2 important pieces of information:

• 1071 / 462 = 2
• 1071 % 462 = 147

So 1071 can be expressed as 1071 = 462 * 2 + 147. This is just decomposing the division into a multiplication and a sum.

In a more general form large number = small number * divisor + remainder.

Then, the algorithm leverages the following mathematical property:

gcd(a, b) = gcd(b, r)

Where a = b * q + r. So if we can solve gcd(smallest, remainder) then we will find the answer to the question gcd(largest, smallest).

Let’s take this a step further as we haven’t finished yet.
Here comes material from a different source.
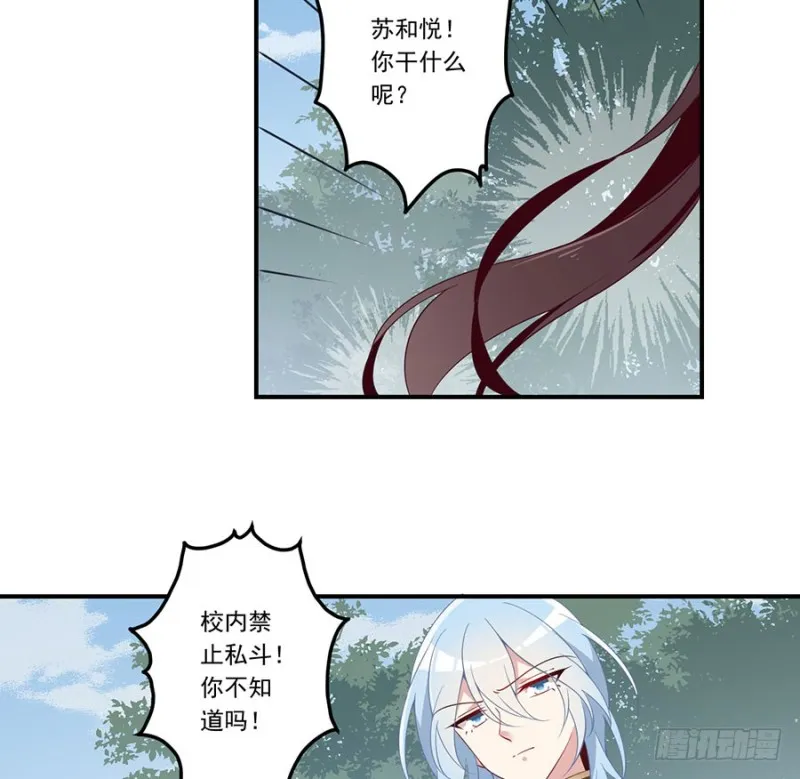 146.他是我未婚夫 第32页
We are now going to decompose 462 by using the remainder.

462 = 147 * 3 + 21

In code this would be something like:

remainder = largest % smallest;
largest = smallest;
smallest = remainder;

Let’s do another round:

147 = 21 * 7 + 0

And because the remainder is now 0, that means that we have found our answer 21.

Maybe the same example in pen and paper helps to bring some clarity to the logic:

Code

Our final version of the recursive algorithm with some extra sanitization.
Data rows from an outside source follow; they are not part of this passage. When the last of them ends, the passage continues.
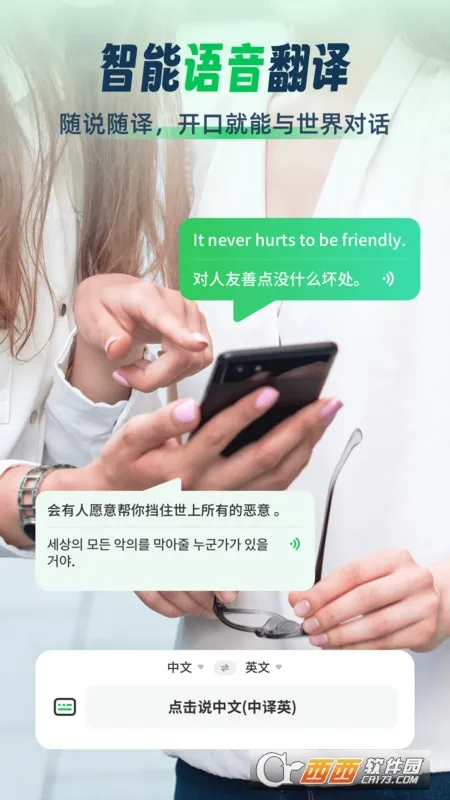 ȫ����ͨ(�����ַ��빤��)v3.2.1 ��Ѱ��ͼ2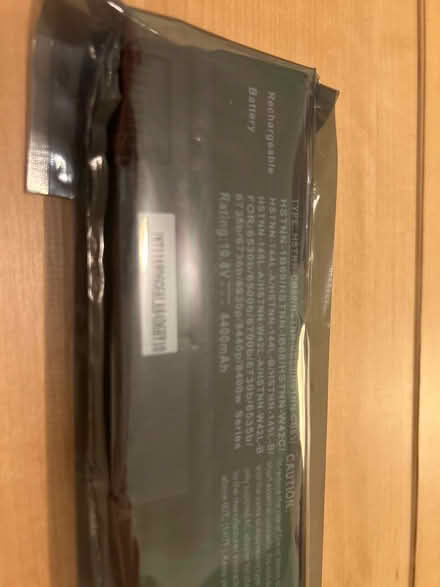 Photo of free HP replacement laptop battery (20009 Adams Morgan) #1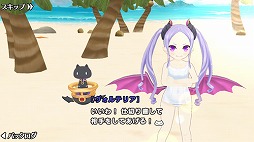 画像ギャラリー No.001のサムネイル画像 / 「ポップアップストーリー」,協力戦“真夏の海に這い寄るクラーケンの影!”を開催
int gcd(int largest, int smallest) {
    // Input sanitization
    if (smallest > largest) return gcd(smallest, largest);
    
    int remainder = largest % smallest
    
    // Smallest is the first (thus the largest) divisor found
    if (remainder == 0) return smallest;    
    
    return gcd(smallest, remainder);
}

GCD of a String

The reason why I ended up reading about GCD is because I was working on a coding challenge and wondered…
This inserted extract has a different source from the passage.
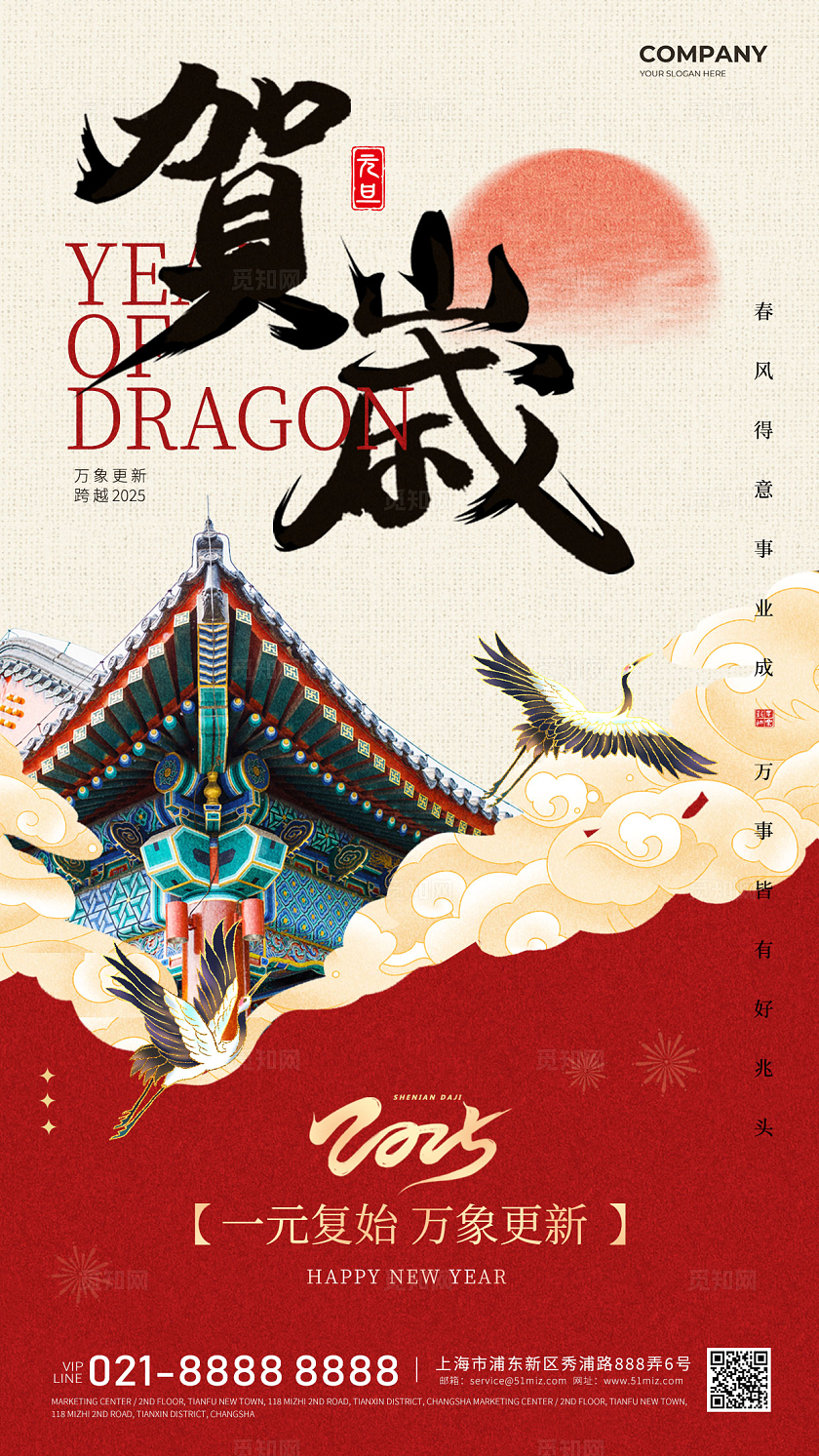 元旦新年海报手机宣传海报元旦手机宣传海报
Is there a better way of doing this?

– Pablo

I found that asking myself that question regardless of me solving the challenge or not, always leads me to checking other people solutions and that’s where I learn the most.

Enough chit chat, let’s jump into the problem I was working on.

Let’s think about it for a moment

A priori the problem looks nothing like calculating GCD between two numbers, but actually they are more similar than what you might think at first.

• We have 2 inputs, a largest and a smallest.
• Largest input can be expressed as largest = smallest * divisor + remainder.

But how do we even do a division between Strings?

We can use startsWith method to check if a String is divisible by another.

Example:

Largest	Smallest	Divisible
ABABAB	ABAB	true
ABABAB	AB	true
ABABAB	A	true
ABABAB	AC	false

But this is not enough to solve our problem, because we need to find a divisor that gives us a remainder of zero in order to find our GCD.

How do we find the remainder? We can just take the portion of the largest input that comes after the divisor. Let’s expand our previous example.

Largest	Smallest	Divisible	Remainder
ABABAB	ABAB	true	AB
ABABAB	AB	true	ABAB
ABABAB	A	true	BABAB
ABABAB	AC	false	-

And from now on we can just simply apply the Euclidean algorithm and recurse with the smallest taking the place of the largest and the remainder taking the place of the smallest.

Let’s do a full example and notice how largest = smallest + reminder

// 1 iteration
largest = "ABABAB"
smallest = "ABAB"
remainder = "AB"

// 2 iteration
largest = "ABAB"
smallest = "AB"
remainder = "AB"

// 3 iteration
largest = "AB"
smallest = "AB"
remainder = "" 

Code

public String gcdOfStrings(String largest, String smallest) {
    // Input sanitization
    if (smallest.length() > largest.length()) return gcdOfStrings(smallest, largest);
    
    if (largest.startsWith(smallest)) {
        String remainder = largest.substring(smallest.length());

        if (remainder.isEmpty()) return smallest;
        
        return gcdOfStrings(smallest, remainder);
    }
    
    return "";
}

Tough problem. I don’t expect anybody to come up with this clever solution, and even myself I’m not sure I understand how the magical Euclidean algoritm solves the GCD problem. Anyway, I still thought it was interesting to talk about it as I struggled a bit while searching for explanations to this leetcode challange.